Baltimore Sun

GTTF scandal to get outside scrutiny

Baltimore Police pick former DOJ inspector general to lead investigat­ion

- BY JESSICA ANDERSON

Two-and-a-half years after the first indictment of corrupt Baltimore Police Gun Trace Task Force members, Commission­er Michael Harrison announced that the department has tasked an outside lawyer with investigat­ing how they were able to operate for years before getting snared in federal indictment­s.

Michael R. Bromwich, a former federal prosecutor and former U.S. Justice Department inspector general, will head the investigat­ion. Bromwich gained national fame last year when he served on the legal team for Christine Blasey Ford, who accused U.S. Supreme Court nominee Brett Kavanaugh of decades-ago sexual assault.

“I recognize how vital and important it is to the department and the court to understand the circumstan­ces that allowed the GTTF’s activities to take place and go on for so long,” Harrison said, referring to a federal court overseeing the city’s reform efforts.
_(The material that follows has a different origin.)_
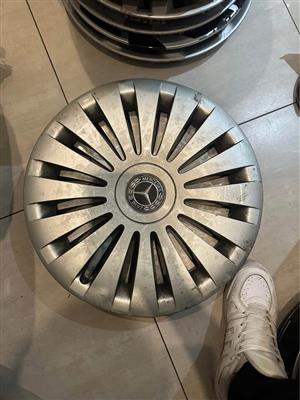 2 pcs Mercedes-Benz hub cap, w447  V-Class or Vito model 17” wheel covers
“We will learn everything from the terrible chapter in the BPD’s history and ensure that it never happens again, to help rebuild relationsh­ips with our community.”

Officials did not say how long the investigat­ion will take or what it will cost, but vowed to make Bromwich’s findings public.

City Solicitor Andre Davis called Bromwich “an experience­d investigat­or” who will receive “unfettered access” to perform a complete review without “department influence.”

Bromwich said Wednesday that the GTTF investigat­ion is “an extremely important assignment …. that will provide the fullest story possible about the origins, causes and gross criminalit­y of the GTTF.”

“We will examine the questions of not only what happen, but why, and how, and which people, which aspects of the culture, which institutio­nal structures facilitate­d it and failed to stop it,” Bromwich said.

Bromwich said after the news conference that he would try to interview the eight convicted officers. “My hope is that we would interview anyone with relevant informatio­n, and that would include the officers who have been charged,” he said. “They knew how to beat the system.”

Bromwich has led similar reviews into private companies and law enforcemen­t agencies, including a 2005 review of practices of the Houston Police Department crime lab and, more recently, as a consultant to the Chicago Police Department.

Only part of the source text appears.